AVX seemed to give the biggest boost to things.

Regarding those who are making fun of Gentoo users, it really did make a bigger difference in the past, but with the refinement of compilers, the difference has diminished. Today, for me, who still uses Gentoo/CRUX for some specific tasks, what matters is the flexibility to enable or disable what I want in the software, and not so much the extra speed anymore.

As an example, currently I use -Os (x86-64-v1) for everything, and only for things related to video/sound/cryptography (I believe for things related to mathematics in general?) I use -O2 (x86-64-v3) with other flags to get a little more out of it.

Interestingly, in many cases -Os with -mtune=nocona generates faster binaries even though I'm only using hardware from Haswell to today's hardware (who can understand the reason for this?).

physicsguy|4 months ago

This is quite good news but it’s worth remembering that it’s a rare piece of software in the modern scientific/numerical world that can be compiled against the versions in distro package managers, as versions can significantly lag upstream months after release.

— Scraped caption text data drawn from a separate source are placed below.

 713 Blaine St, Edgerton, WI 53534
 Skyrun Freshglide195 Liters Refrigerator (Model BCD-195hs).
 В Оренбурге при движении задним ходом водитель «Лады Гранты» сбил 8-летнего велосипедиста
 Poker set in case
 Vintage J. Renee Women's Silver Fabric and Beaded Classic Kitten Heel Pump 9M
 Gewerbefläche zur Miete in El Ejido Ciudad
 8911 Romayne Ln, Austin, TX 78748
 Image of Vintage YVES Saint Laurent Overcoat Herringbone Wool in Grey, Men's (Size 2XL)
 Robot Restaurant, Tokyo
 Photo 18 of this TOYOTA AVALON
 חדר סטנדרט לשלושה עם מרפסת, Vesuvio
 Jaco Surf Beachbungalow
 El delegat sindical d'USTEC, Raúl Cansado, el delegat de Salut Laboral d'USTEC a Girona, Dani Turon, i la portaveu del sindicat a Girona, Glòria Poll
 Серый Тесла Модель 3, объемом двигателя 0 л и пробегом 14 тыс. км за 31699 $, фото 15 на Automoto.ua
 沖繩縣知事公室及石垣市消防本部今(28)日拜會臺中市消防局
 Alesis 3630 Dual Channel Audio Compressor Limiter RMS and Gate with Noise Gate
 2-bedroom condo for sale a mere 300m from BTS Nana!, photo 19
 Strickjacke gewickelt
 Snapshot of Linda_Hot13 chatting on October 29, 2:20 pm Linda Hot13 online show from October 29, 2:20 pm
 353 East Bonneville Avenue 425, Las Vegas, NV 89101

If you’re doing that sort of work, you also shouldn’t use pre-compiled PyPi packages for the same reason - you leave a ton of performance on the table by not targeting the micro-architecture you’re running on.

PaulHoule|4 months ago

My RSS reader trains a model every week or so and takes 15 minutes total with plain numpy, scikit-learn and all that. Intel MKL can do the same job in about half the time as the default BLAS. So you are looking at a noticeable performance boost but zero bullshit install with uv is worth a lot. If I was interested in improving the model than yeah I might need to train 200 of them interactively and I’d really feel the difference. Thing is the model is pretty good as it is and to make something better I’d have to think long and hard about what ‘better’ means.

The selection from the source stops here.